あ、でも、誤解しないでいただきたいのは、
永田農法は肥料をあげる回数は多いですけど、
トータルとしてあげる肥料の量は少ないんです。
こまめにちょっとずつあげていくので
回数が多くなるというだけなんです。
ほぼ日 なるほど、なるほど。
一度にたくさんあげるのではなくて、
1週間に1度、ちょっとずつ
あげていけばいいのですね。
諏訪 はい。
ただ、「1週間に1度」というのは
あくまでも原則的なペースです。
このペースを軸にして、
植物の状態を見ながら、
コントロールしていく必要があります。
ほぼ日 そのあたりは、経験を重ねながら
わかっていくしかないんでしょうか。
諏訪 正直、その加減は難しいところですね。
文字と写真だけでは伝えづらいので、
DVDにある実際の映像を参考にして
さぐってもらうしかないんです。
1年、2年と、やっていくと、
緑の濃さとか成長の具合とか
花のつき方とか実の大きさなどを見て、
適正な肥料の量と頻度を
判断できるようになっていくと思います。
ほぼ日 DVDを販売した最初の年度は
1週間に1度というペースでは
液体肥料が足りないケースが多くあったようです。
諏訪 そうそう。

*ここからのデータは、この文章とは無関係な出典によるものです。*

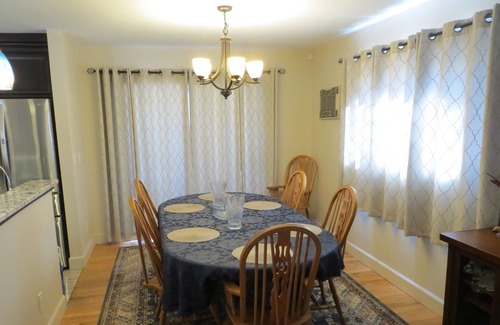 Highlands House | Wonderful 2Bd 2Ba Home in Centrally located Arvada, CO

おととしの夏は、
すごく雨が多くて冷害に近かったんですね。
そういうときは肥料の吸収力が落ちてしまうので、
液体肥料を500倍に薄めていたのを
300倍にしてみるとか、
それでも成長が悪いときは
3~4日に1度あげるとか、
そういう調整が必要になってきます。
ただ、基本的には1週間に1度が原則なので、
週末を利用して家庭菜園で育てるという方でも
十分に育てることができると思います。
ちなみにぼくはテニスコート1個大の畑を
一人でやってますけど、
週末農家、週末菜園という感じで
ぜんぜん問題なくできるので
みなさんも大丈夫だと思います。
ほぼ日 液体肥料をあげるペースは1週間に1度。
では、水をあげるペースは?
諏訪 畑で育てる場合は、
基本的に水をあげる必要はありません。
ほぼ日 あ、そうなんですか。
諏訪 ええ。
種をまいたときや、苗を植えたとき以外は
液体肥料をあげるだけで大丈夫です。
畑の保水力というのはすごいもので、
たとえば炎天下の日が続いても、
梅雨明けから2~3週間後くらいまでなら
30センチほど土を掘れば土は湿ってます。
家庭菜園などで
地植えの野菜を育てる場合は、
液体肥料をあげるだけで大丈夫です。
ほぼ日 プランターで育てる場合は?



諏訪 プランターの場合は水やりが必要です。
プランターは、畑にくらべると、
当然、土の量が圧倒的に少ないですから、
土が乾きやすいんです。
永田農法は余分な栄養を与えないのが原則ですが、
水分がなくなってしおれて枯れてしまっては
もともこもありません。
とくに夏場の西日が当たるようなベランダでは
コンクリートの反射熱も強いですし、
プランターが小さかったりすると
朝晩2回ぐらい水をあげないと
枯れてしまうことがあります。
ですから、プランターで育てる場合は、
しなっとしてきたなと思ったら水をあげて、
1週間に1度ぐらいに液体肥料をあげればいいです。
ほぼ日 ちなみに、諏訪さんは
プラスチック製のプランターよりも
素焼きのほうを推奨してましたよね。
諏訪 そうですね。素焼きの鉢は
重いとか割れやすいといった
マイナス面もありますが、
プラスチックはどうしても温度も上がってしまうし、
プラスチック自身が水を放出できない。
素焼きの鉢というのはよくできたもので、
水分を多少吸収するし、夏なんかは鉢を通して
気化熱で水が蒸発してるときに温度が冷えるので、
夏場の暑さ対策にはすごくいいんです。